SUPPLIED MATERIAL >>
--------------------------------
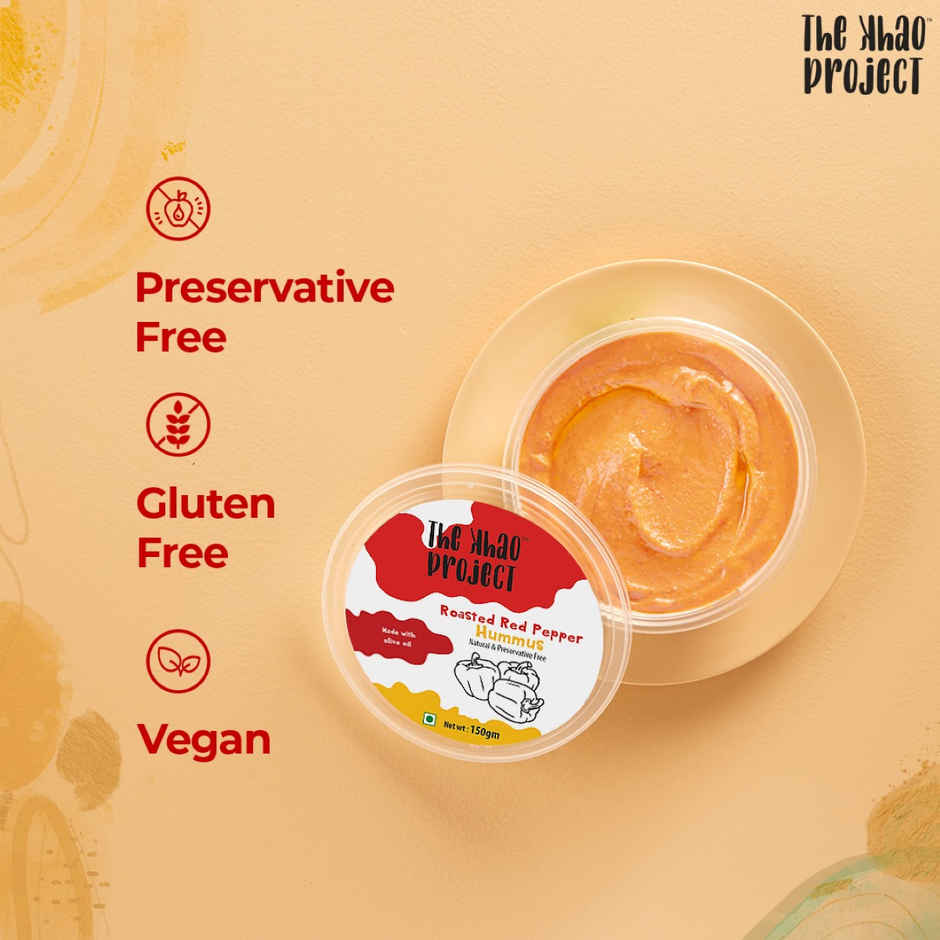 The Khao Project Classic Hummus(150gms) & The Khao Project Roasted Red Pepper Hummus(150gms) Combo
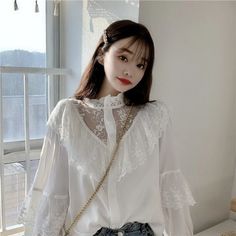 🌻 Vintage Ruffle Blouse - $32.90 - Cottagecore Clothes Lace Shirts, Loose Clothes, Women Lace Blouse, Floral Chiffon Blouse, Fashion Stand, Lace Blouse Long Sleeve, Lace Trim Blouse, Women Blouses Fashion, Straight Clothes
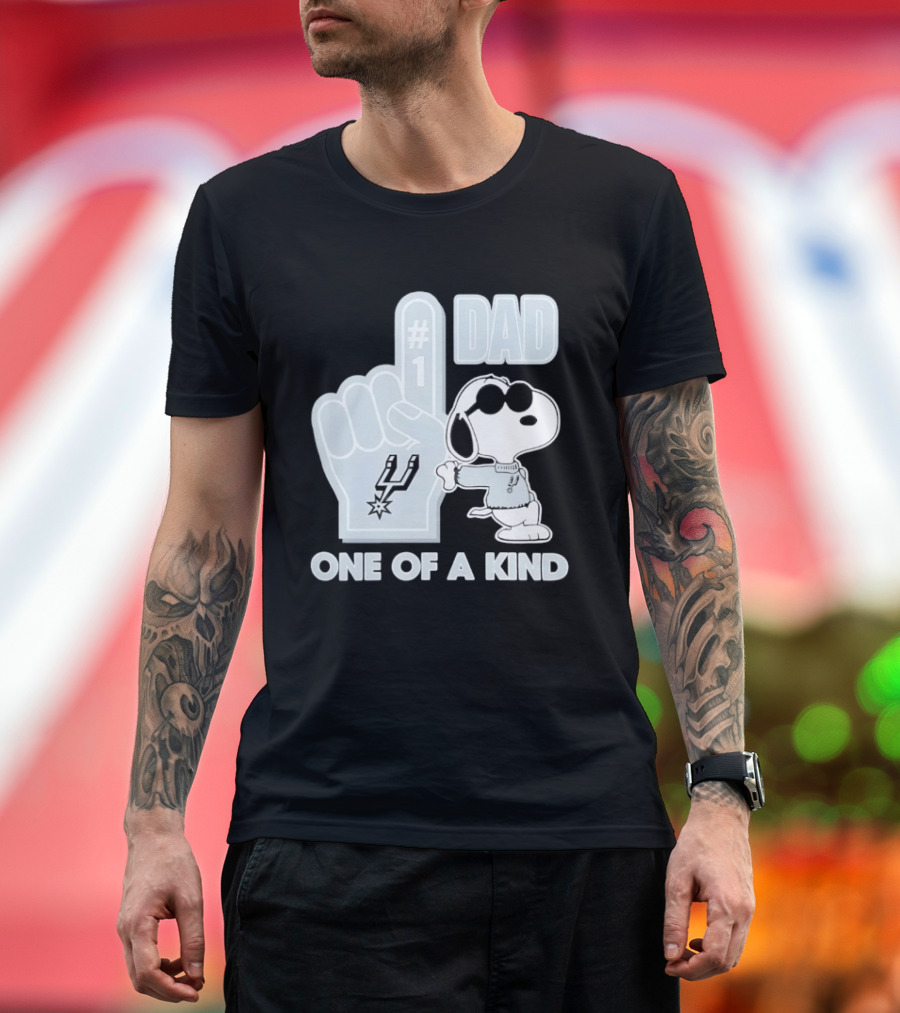 Snoopy Wearing Sunglasses With Spurs Foam Finger One Of A Kind Dad T-Shirt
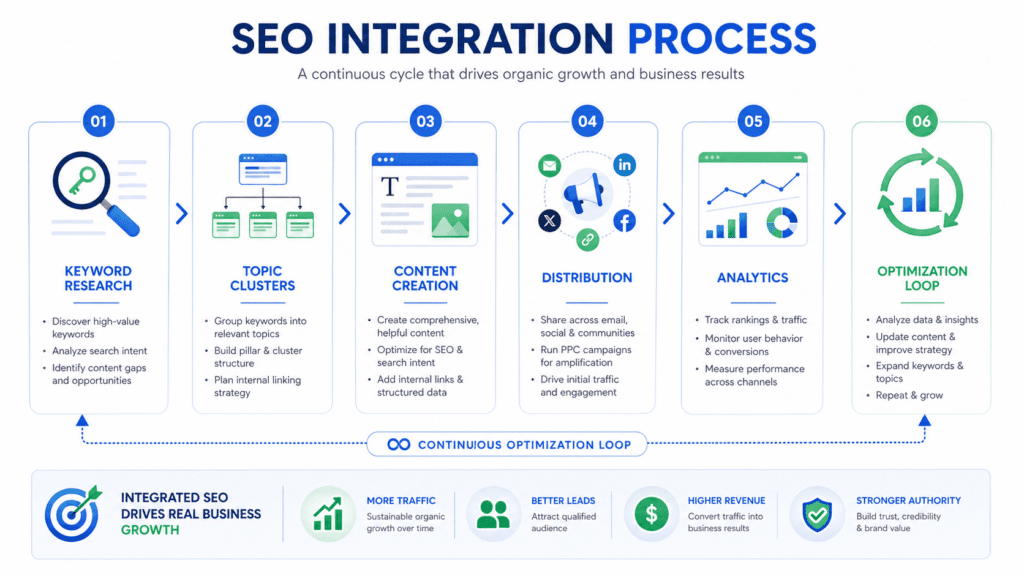 A step-by-step flowchart showing the 7-step process for building an integrated SEO strategy.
--------------------------------
YOUR TASK >>
Could you repeat all of the data exactly, minus the pictures?

WRITTEN ANSWER >>
 The Khao Project Classic Hummus(150gms) & The Khao Project Roasted Red Pepper Hummus(150gms) Combo
 🌻 Vintage Ruffle Blouse - $32.90 - Cottagecore Clothes Lace Shirts, Loose Clothes, Women Lace Blouse, Floral Chiffon Blouse, Fashion Stand, Lace Blouse Long Sleeve, Lace Trim Blouse, Women Blouses Fashion, Straight Clothes
 Snoopy Wearing Sunglasses With Spurs Foam Finger One Of A Kind Dad T-Shirt
 A step-by-step flowchart showing the 7-step process for building an integrated SEO strategy.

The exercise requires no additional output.